How to Integrate Same-As-Links into PITs

We are currently integrating 2 source systems for employee information where the second source system contains many of the employees from the original source system. The business key in the 2nd system prepends the “employeeId” with a 3-character source identifier. For example, my ID in the first system is “000123456” and “GSS-000123456” in the second system (numbers have been obfuscated to protect the innocent…though one might argue my innocence…but that’s a different matter entirely). The second system also contains employees from external entities (“non-integrated entities” or NIE). Thus, you might see another employee ID as “ABC-7890” in source 2.

We have chosen to create a same-as-link for relating sources 1 and 2 with matching employees, such as my example from above. We are also separating out the 2 source systems into their own satellites, according to DV2 best practices, hanging off the common hub (hub.Identity - the common name for “employee” in our system).

We’d like to create a PIT for the Identity hub and its two satellites but are a little perplexed as to how we might be able to include the same-as-link to join the records together to avoid having 2 records each in the PIT for the same employee.

One thought we had was to first build a Bridge with the hub and same-as-link. Then we would build the PIT on top of that Bridge. Although, that idea seems like it would deviate from DV2 a bit.

Ideas, please?

I reviewed my certification materials and realized that same-as-links can be included in the creation of the PITs. Has anyone ever done this? Have any sample pseudo-code you can/want to share?

Noel, did you look at the code in the DV-101 Baseline Course? There are code samples for a properly built PIT and Bridge. Remember, how a PIT or Bridge starts its life - on the full key sets. You can also build a PIT/Bridge hybrid. In the Same-As link, are you mastering the system 1 employees to the system 2 employees - or vice versa? Which is acting as the master key? How are you handling employees in system 1 that don’t exist in system 2; or that exist in system 2 but don’t exist in system 1? Using the Same-As link as Master Data would allow you to build a PIT focused on the Same-As link and join to the associated satellites, flattening out the key set - if that’s what you’re trying to do. You can build a PIT/Bridge hybrid to capture all of the keys sets - link, hubs, sats - in one flattened structure.

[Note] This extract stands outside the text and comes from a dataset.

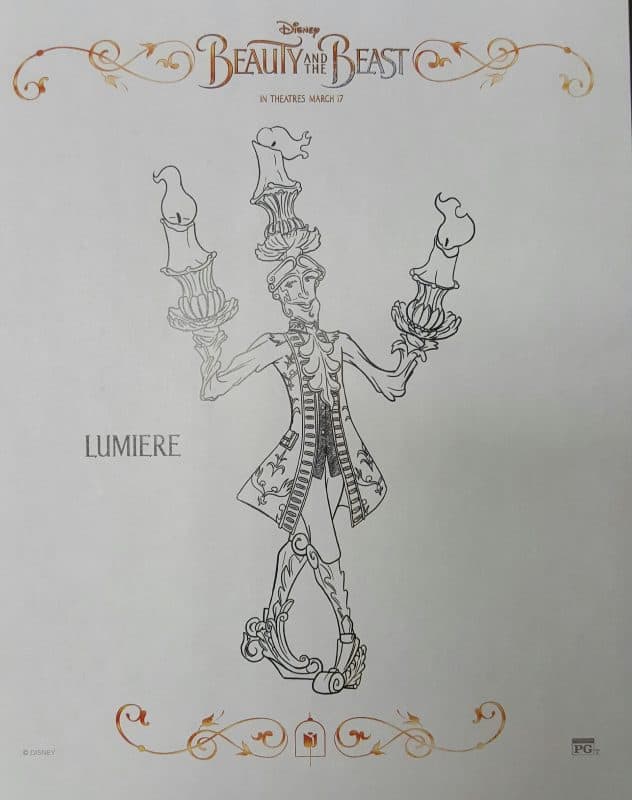 Beauty and the Beast Coloring Sheets Luminere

Hope this helps.

1 Like

@cmeyersohn - Yes, this helps significantly.

At this point, we are using system 1 as the master; although, both systems actually receive their integrated employee data from another source system, which is the true master. Thus, only a full outer join would properly capture the data either system has because of the possibility that some data may exist in one and not the other and vice versa.

I will review the 101 course. Forgot to look there.

Thank you for the confirmation!

No problem, Noel. Happy Labor Day!

Hi Team,

Where can I get more information for these scenarios? I have a challenge now that entails exactly this type of scenario where I have multiple systems providing data for employees and with different data structures.

Was thinking on what would be the approach to design the Hub and Satellites and how you would build the SAL. I could not find a lot of information about these.

Thanks :slight_smile: